1. Bei der Auslegung der Satzung einer Stiftung kommt dem im Stiftungsgeschäft zum Ausdruck gebrachten Stifterwillen maßgebende Bedeutung zu (Anschluss an BGHZ 99, 344). Maßstab ist der Stifterwille nur, soweit er Gegenstand des Anerkennungsverfahrens gewesen ist (Anschluss an BGH, NJW 1957, 708). Dies schützt die Stiftung davor, dass der Stifter seine Meinung nach Belieben ändert.

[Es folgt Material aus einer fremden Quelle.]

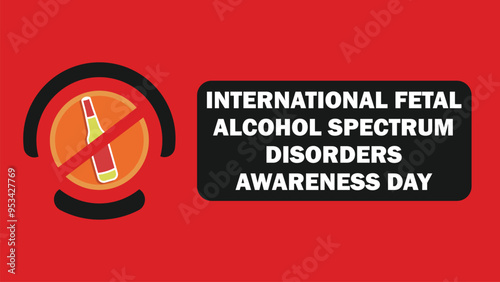 International Fetal Alcohol Spectrum Disorders Awareness Day vector banner design with geometric shapes and vibrant colors on a horizontal background.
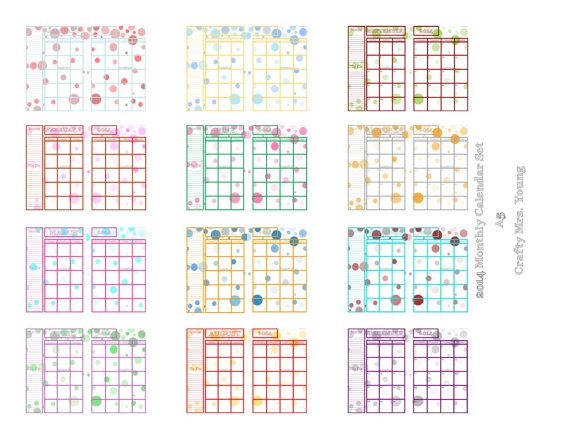 printable 2014 monthly calendar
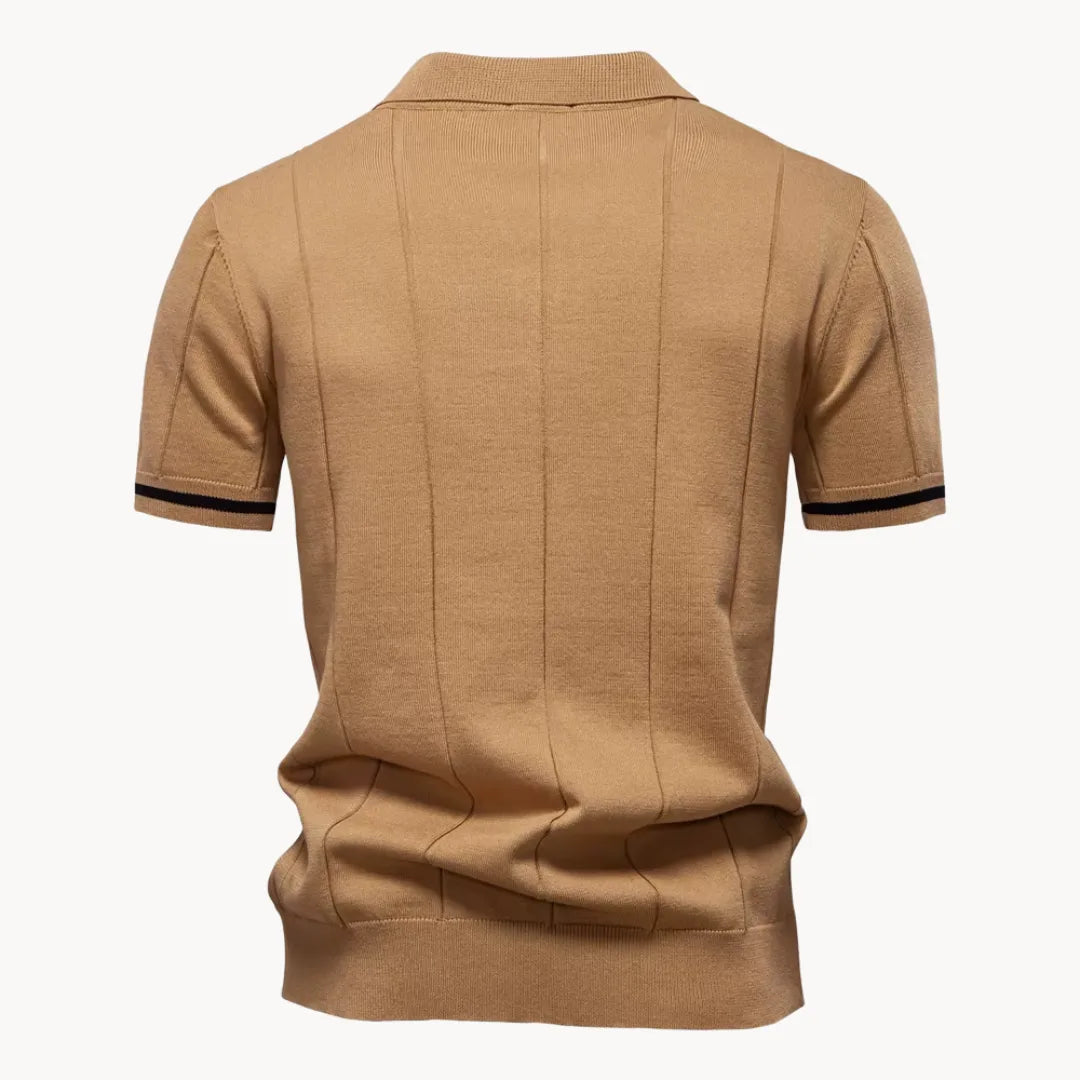 Polo À Col Zippé Avec Texture Verticale Pour Hommes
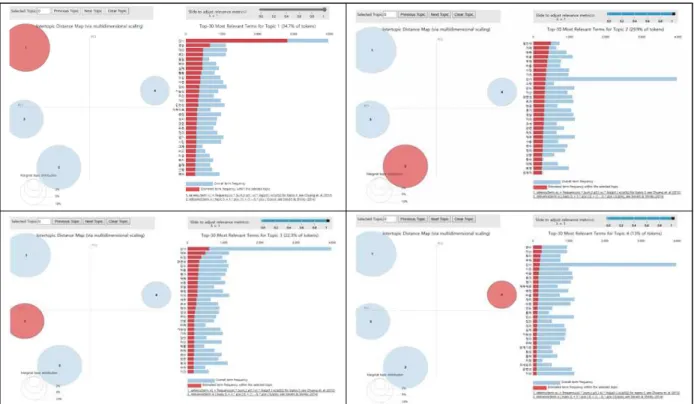 Fig.  7.  LDA  topic  modeling  result  visualization  by  topic 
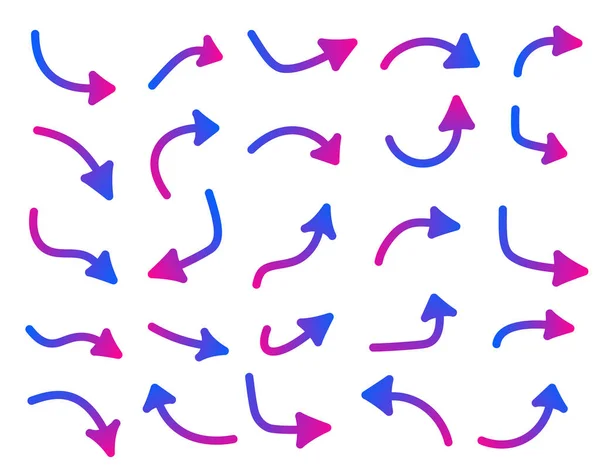 Ein Satz Isolierter Pfeile Sammlung Blauer Und Lila Gradienten Pfeile — Stockvektor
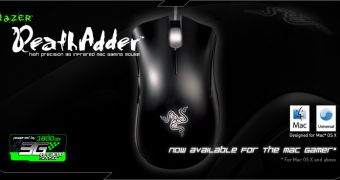 The Razer DeathAdder, crafted specifically to provide Max OS X users with the same legendary ergonomic form factor and precision enjoyed by the PC gaming community, according to the company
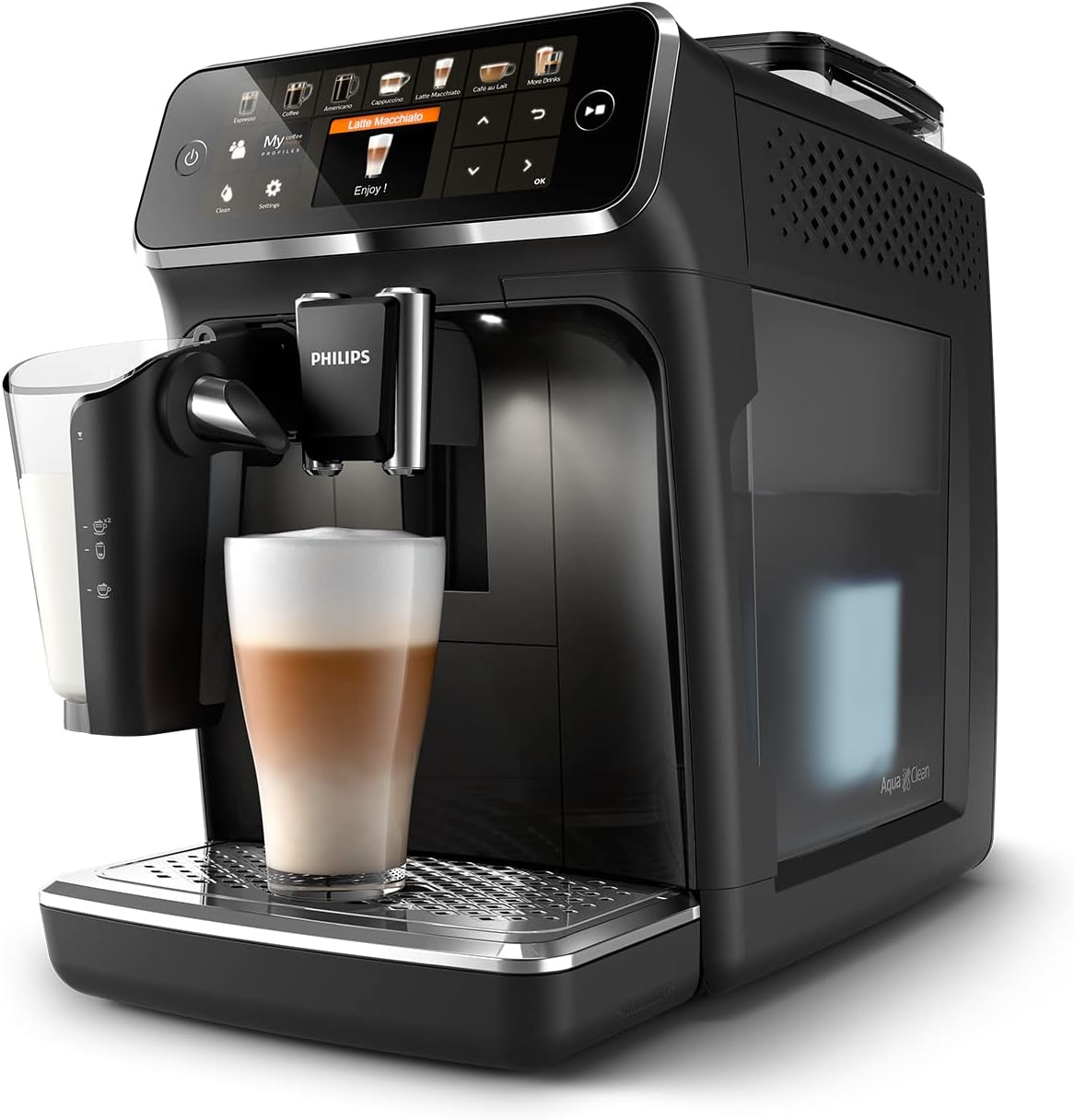 chollo Philips Serie 5400 Cafetera Superautomática - Sistema de Leche LatteGo, 12 Variedades de Café, Pantalla Intuitiva, 4 Perfiles de Usuario, Negro (EP5441/50)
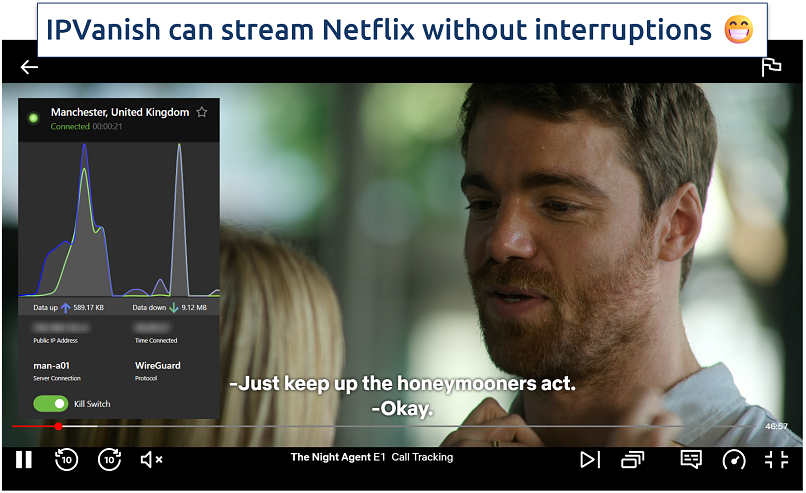 Screenshot of IPVanish streaming The Night Agent on Netflix UK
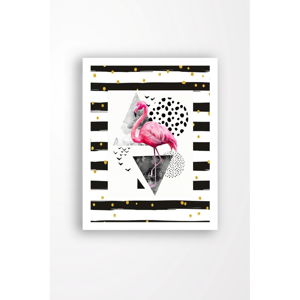 Nástěnný obraz na plátně v bílém rámu Tablo Center Flamingo Black, 29 x 24 cm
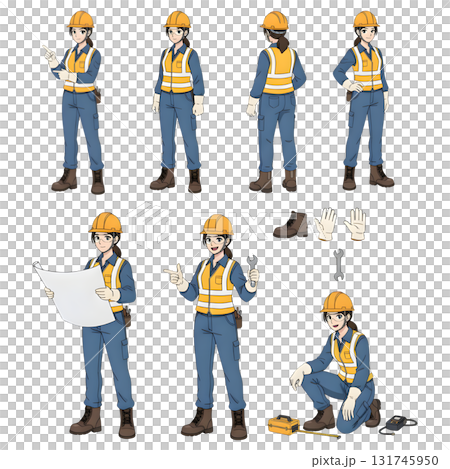 Civil engineer wearing hard hat holding construction project drawing. Character constructor for animation. Front, side and back view set. Body parts, postures, poses collection. illustration design. 131745950
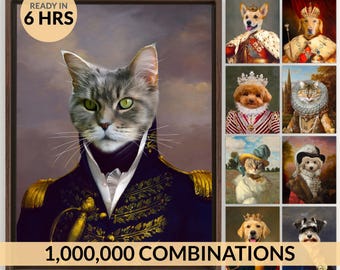 Custom Pet Portrait: Royal Dog and Regal Cat Artwork, Framed or Digital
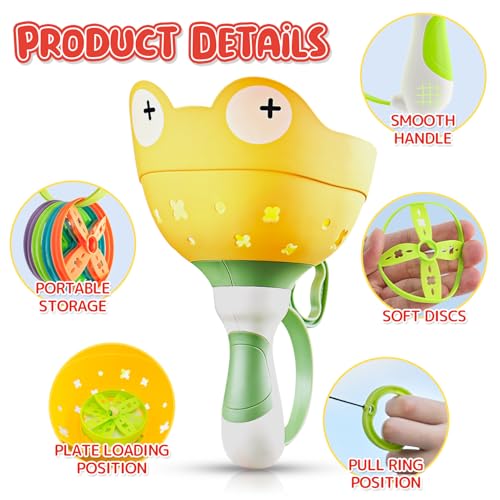 pamexin Outside Toys for Kids Ages 4-8 - Manual Capture Catching Game - Toddler Chasing Toy for Boys & Girls, Ages 3-7 - Outdoor Fun Family Games - style: Red+Yellow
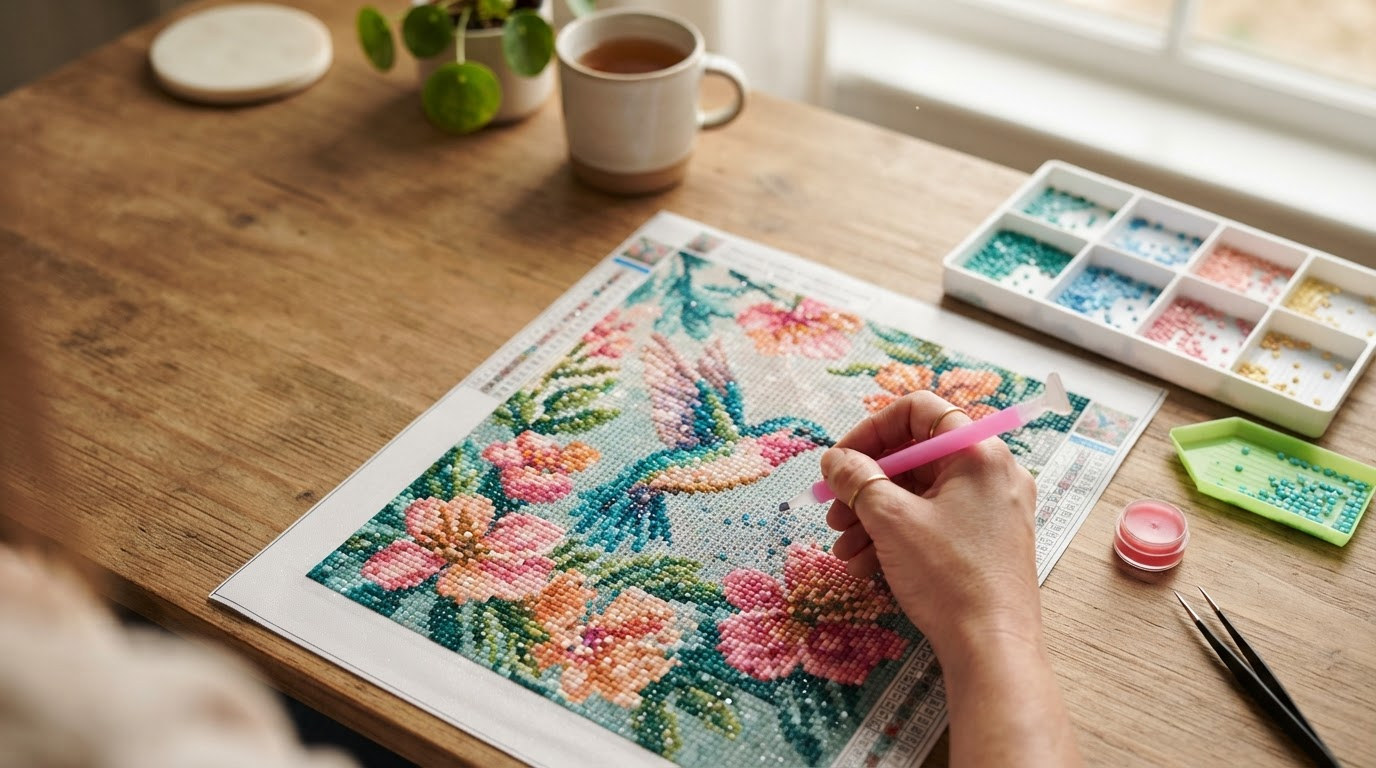 Crafter placing a pink applicator pen on a colorful floral diamond painting, with trays of drills on a wooden table.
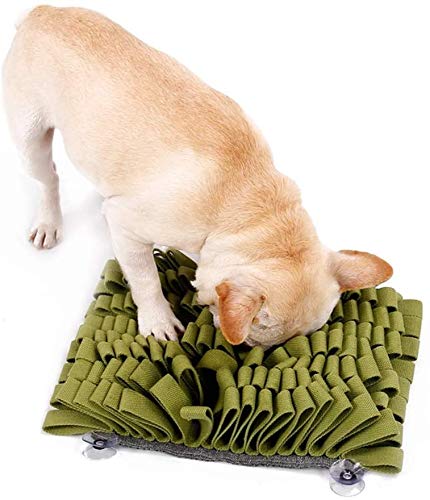 Snuffle Mat para Perros Alimentación Mental Estimulación Mat rompecabezas juguetes interactivos Alimentación lenta MAT Bite duradero algodón Tejido lavable a máquina antipatinaje Bottom ventosas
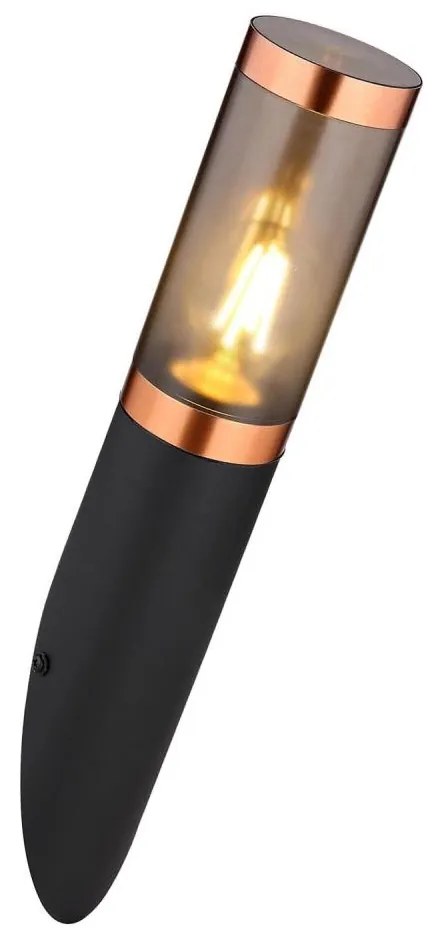 Globo 3157BC - Applique da esterno BOSTON 1xE27/23W/230V IP44 nero/rame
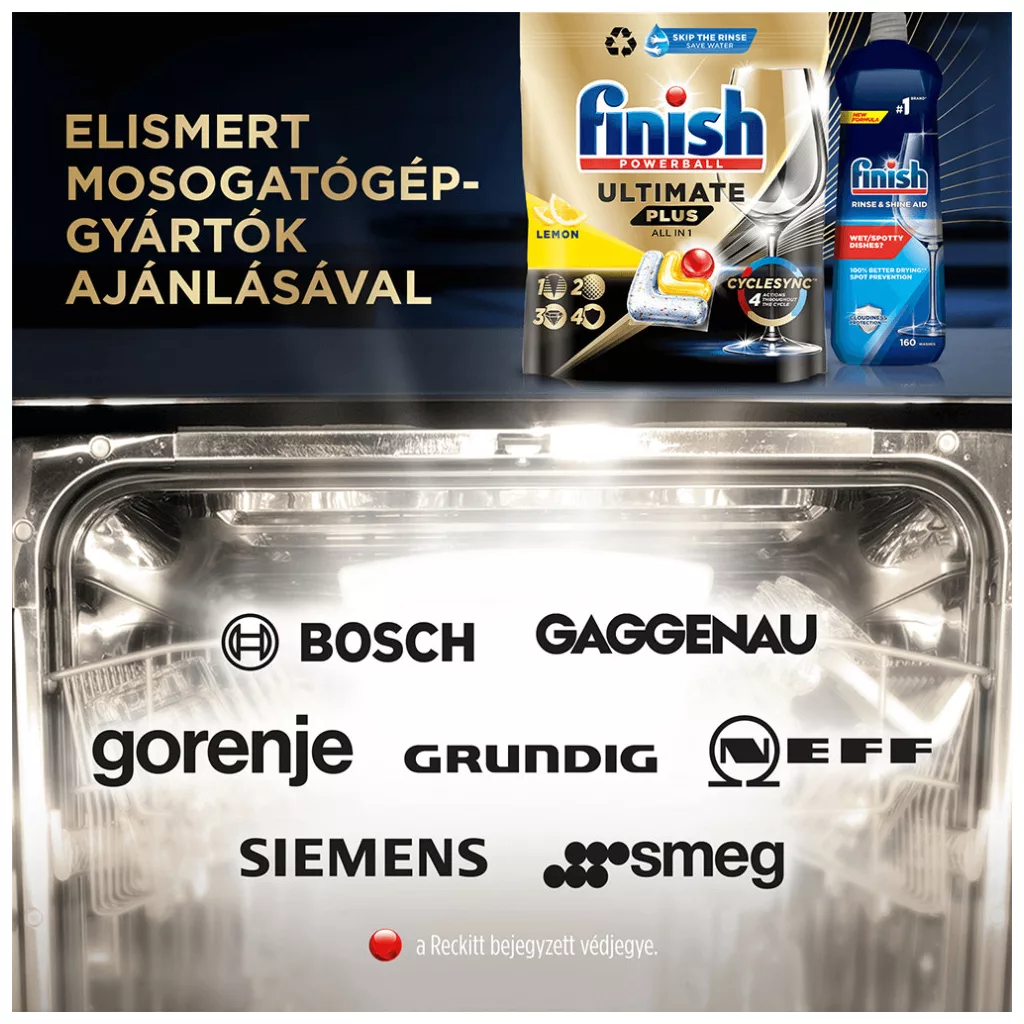 Finish Powerball Ultimate Plus All in 1 mosogatógép-kapszula, lemon (2x90 db)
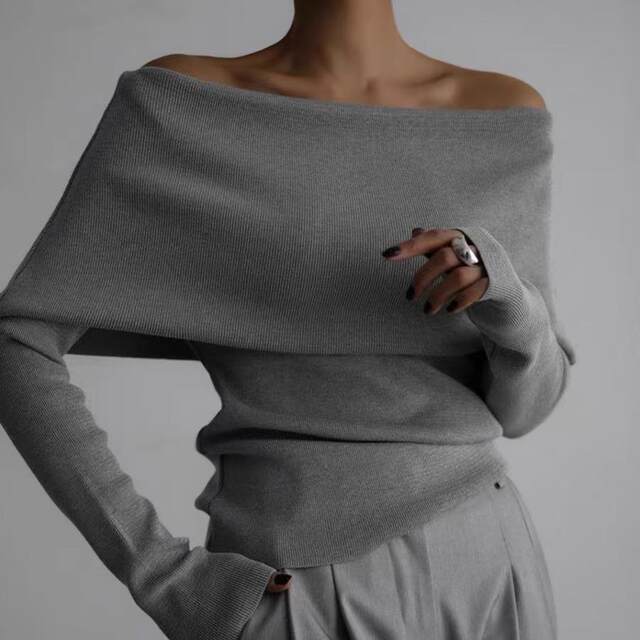 European and American style autumn and winter knitted base shirt sexy off-shoulder top Knitted off shoulder sweater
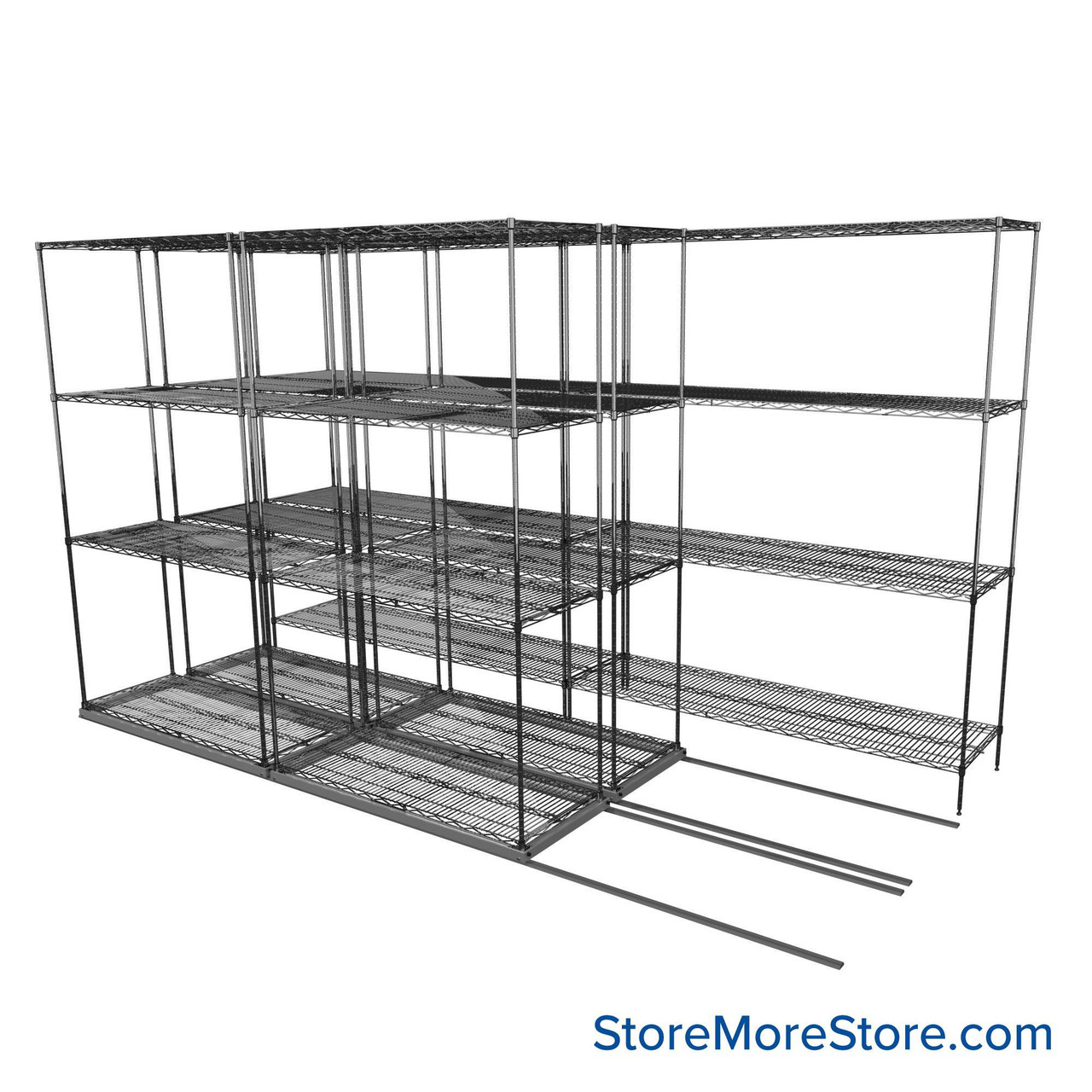 Sliding Wire Shelving, 134" W x 58" D x 78" H, 18" Shelf Depth, 2 Rows, Chrome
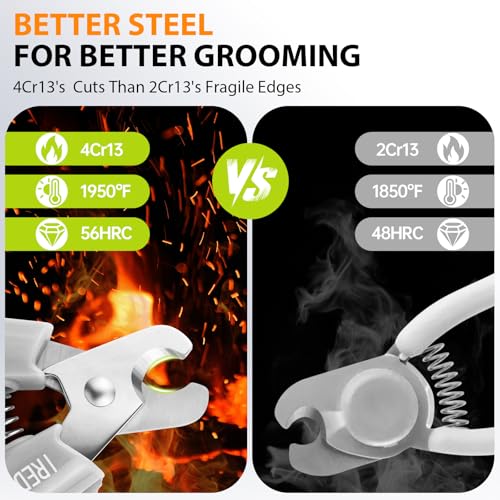 IREDOON Profi Krallenschere für Hunde und Katzen mit Hohe Qualität Nagelfeile aus Edelstahl und Hltrascharfen Klingen aus 4Cr13-Edelstahl für Kleine, Mittlere und Große Rassen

2. Es kann eine satzungswidrige Umgehung der in einer Stiftungssatzung vorgesehenen Höchstdauer der für den Vorstand vorgesehenen Amtsperiode vorliegen, wenn die Vorstandsmitglieder durch zeitlich nahezu zusammenfallende Bestellungsakte für zwei unmittelbar aufeinanderfolgende Amtsperioden bestellt werden (keine satzungswidrige "Vorrats- oder revolvierende Bestellung" von Vorstandsmitgliedern).

 

Normenkette

AktG § 84 Abs. 1 S. 3; BGB §§ 85, 134

 

Verfahrensgang

LG Aachen (Urteil vom 20.06.2017; Aktenzeichen 10 O 470/16)

 

Tenor

Auf die Berufung der Beklagten und unter Zurückweisung der Anschlussberufung des Klägers zu 1) sowie der Berufung und Anschlussberufung des Klägers zu 2) wird das Urteil der 10. Zivilkammer des Landgerichts Aachen vom 20. Juni 2017 - 10 O 470/16 - aufgehoben und im Hauptsachetenor insgesamt wie folgt neu gefasst:

"Die Klagen werden abgewiesen. Auf die Widerklage der Beklagten wird festgestellt, dass Frau M, Herr Dr. Q und Herr C am 8. Februar 2017 wirksam als Kuratoriumsmitglieder der Beklagten für eine Amtszeit von vier Jahren und sechs Monaten ab dem 8. Februar 2017 gewählt worden sind."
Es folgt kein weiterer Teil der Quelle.